Qwen2.5-VL video captioning, native on Apple Silicon with MLX
Cloud vision inference is fine until you’re calling it thousands of times. This project replicates the NemoStation/Marlin-2B temporal-captioning paradigm natively on Apple Silicon with MLX — ultra-fast video captioning and sub-second visual grounding, entirely inside the Mac’s unified memory.
Why unified memory changes the maths
On a discrete GPU you pay a tax every time weights and activations cross the PCIe bus. On Apple Silicon the CPU and GPU share the same physical memory, so a 2B VLM that would thrash a small VRAM budget simply… fits, and there’s no host↔device copy in the hot loop. That single fact is why so much local inference suddenly makes sense on a Mac.
The hard parts were sampling and the text encoder
Most of the porting effort wasn’t the transformer blocks — MLX handles those. It was:
- Temporal frame sampling — captioning quality lives or dies on which frames you feed.
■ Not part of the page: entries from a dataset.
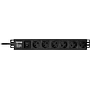 Toten 19" 1U toitepaneel, 6*CEE 7/4 Schuko pesa, 1*CEE 7/7 Schuko pistik, 3m, must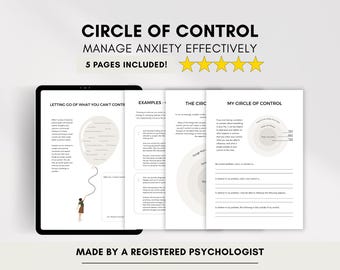 Circle of Control-werkbladen: therapie voor angst en stress (digitale pdf-download)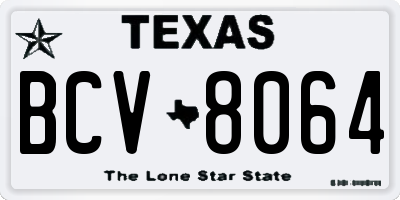 TX license plate BCV8064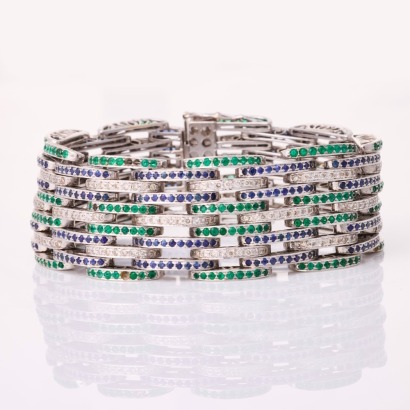 18ct White Gold, 8.50ct Sapphire - Emerald / 3.64ct Diamond Sapphire Bracelet
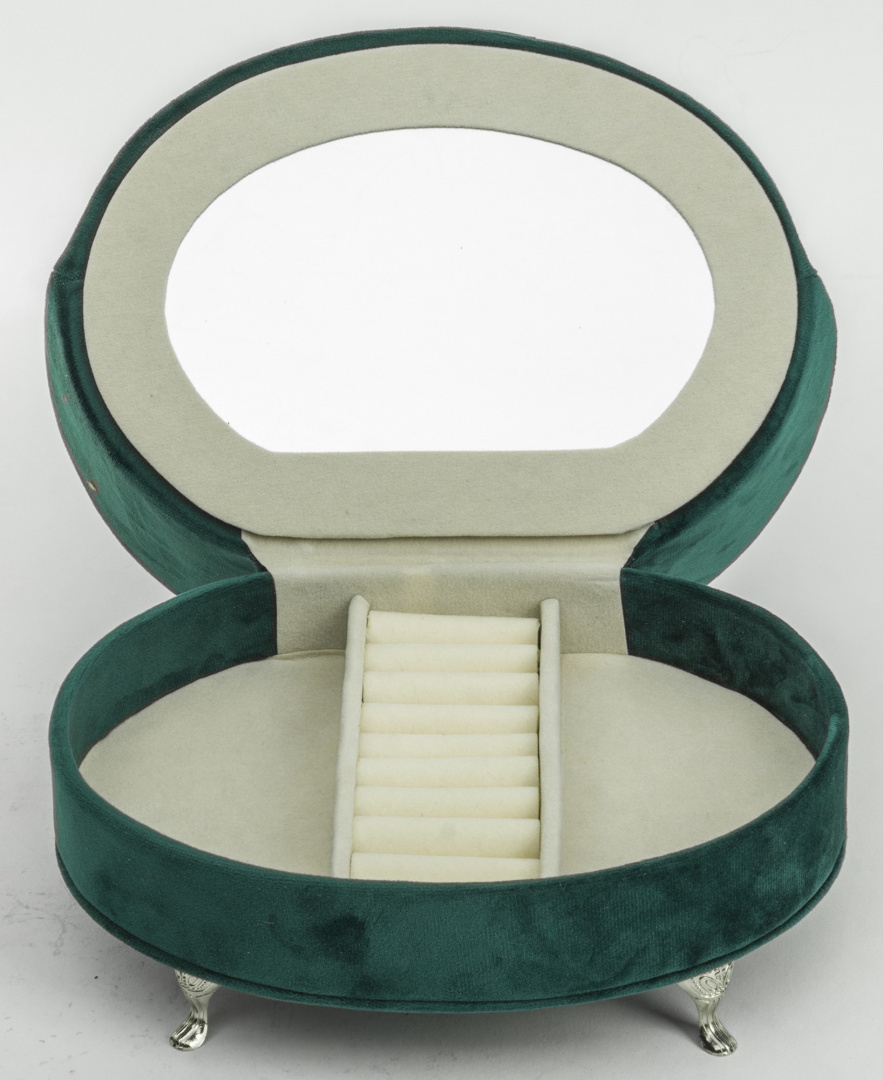 Szkatułka na biżuterię sofa zielona aksamitna serce 14,5x21x15,5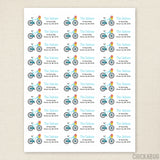 Blue Bicycle Address Labels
Uniform sampling misses the event; a cheap scene-change heuristic keeps the informative frames.
- The text encoder / tokenizer parity — matching the reference tokenization exactly, so embeddings line up with the vision tower.
frames = sample_keyframes(video, target=8) # scene-aware, not uniform
feats = vision_tower(frames) # stays in unified memory
caption = decoder.generate(feats, prompt) # streamed, sub-second first token
Once frames are sampled sensibly, the model captions video in near real time on an M-series laptop — offline, private, and free per call. For anyone building on-device AI, MLX has quietly become the reason the Mac is a serious inference target.